The above description shows that the structure of the upper limb is simplified, the upper limb is limited to move around the shoulder joint, and the virtual pivot of the upper limb is introduced, so that the upper limb on two sides needs to rotate around the same pivot, the upper limb is simplified into two triple pendulum structures, and the calculation accuracy can be ensured while the calculation is reduced.

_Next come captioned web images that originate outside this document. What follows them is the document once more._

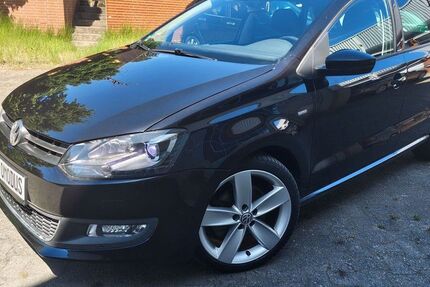 VW Polo 177.804 km 5.450 &euro; Isernhagen 30916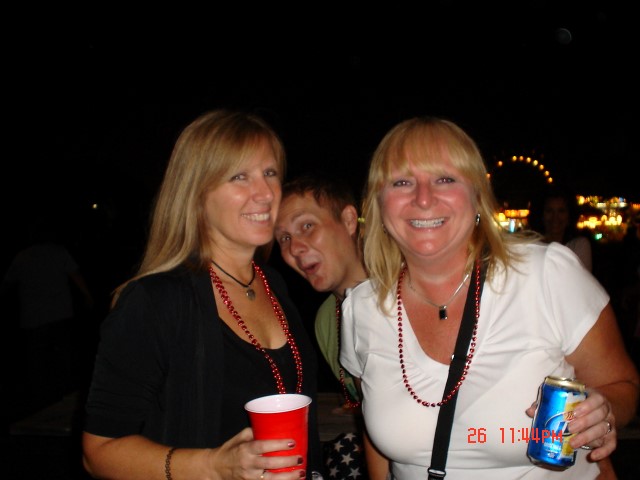 Northlake Days 6/26/09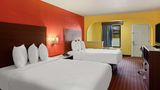 SureStay by Best Western Gulfport Room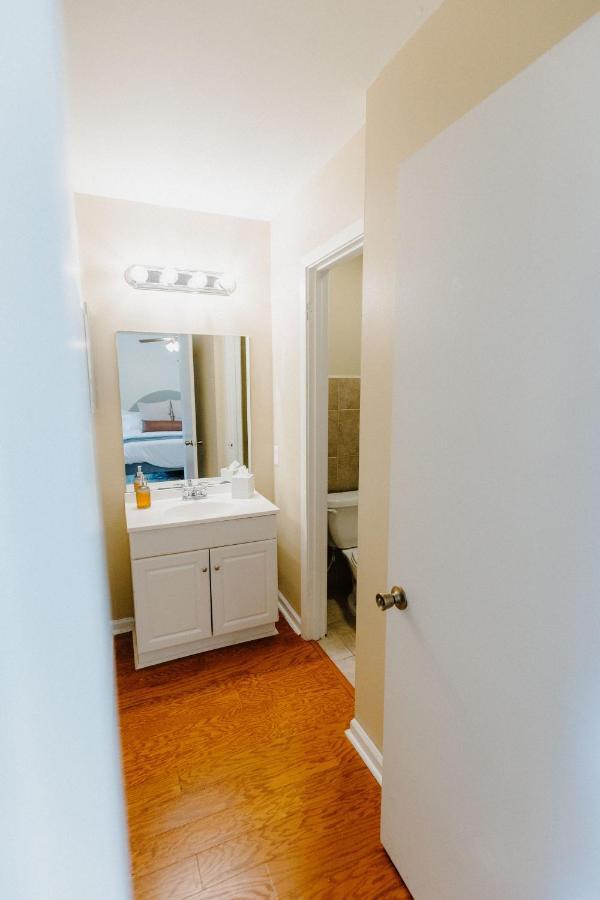 Centrally Located 3Br Overton Square Fast Wifi Free Parking Yes Pets Memphis Exterior photo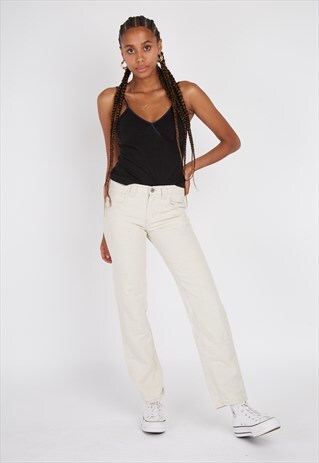 VINTAGE ARMANI JEANS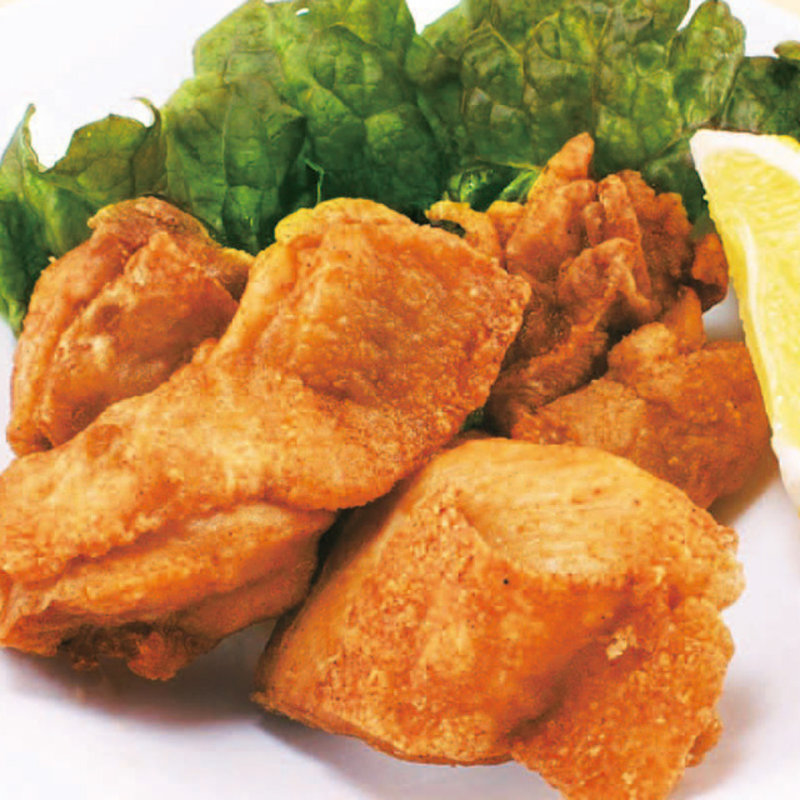 フライドチキン(須田町食堂 秋葉原UDX店)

Further, the establishing the lagrangian quantity describing each link of the upper limb swing comprises:
coordinates of the upper left arm, the forearm and the hand centroid are respectively set as follows: the coordinates of the upper right arm, forearm and hand centroid are respectively: /> The lengths of the left upper arm, forearm and hand are respectively: />The lengths of the right upper arm, forearm and hand are respectively: />The included angles between the left upper arm and the trunk, the front arm and the upper arm, and the hand and the front arm are respectively:the included angles between the right upper arm and the trunk, the forearm and the upper arm, and the hand and the forearm are respectively: />The ratio of the center of mass of the left upper arm, forearm and hand to the shoulder, elbow and wrist, respectively, is: />The ratio of the center of mass of the right upper arm, forearm and hand to the shoulder, elbow and wrist, respectively, is: />
Simplifying the swing of the upper limb into planar motion on a rectangular coordinate system, and respectively establishing Lagrange quantities of all links:
from the above description, when the upper limb swings, the x and y coordinates of the left and right upper arms, the forearm and the centroid of the hand respectively establish the lagrangian quantities, so that the overall lagrangian quantities of the left and right upper limbs can be calculated conveniently.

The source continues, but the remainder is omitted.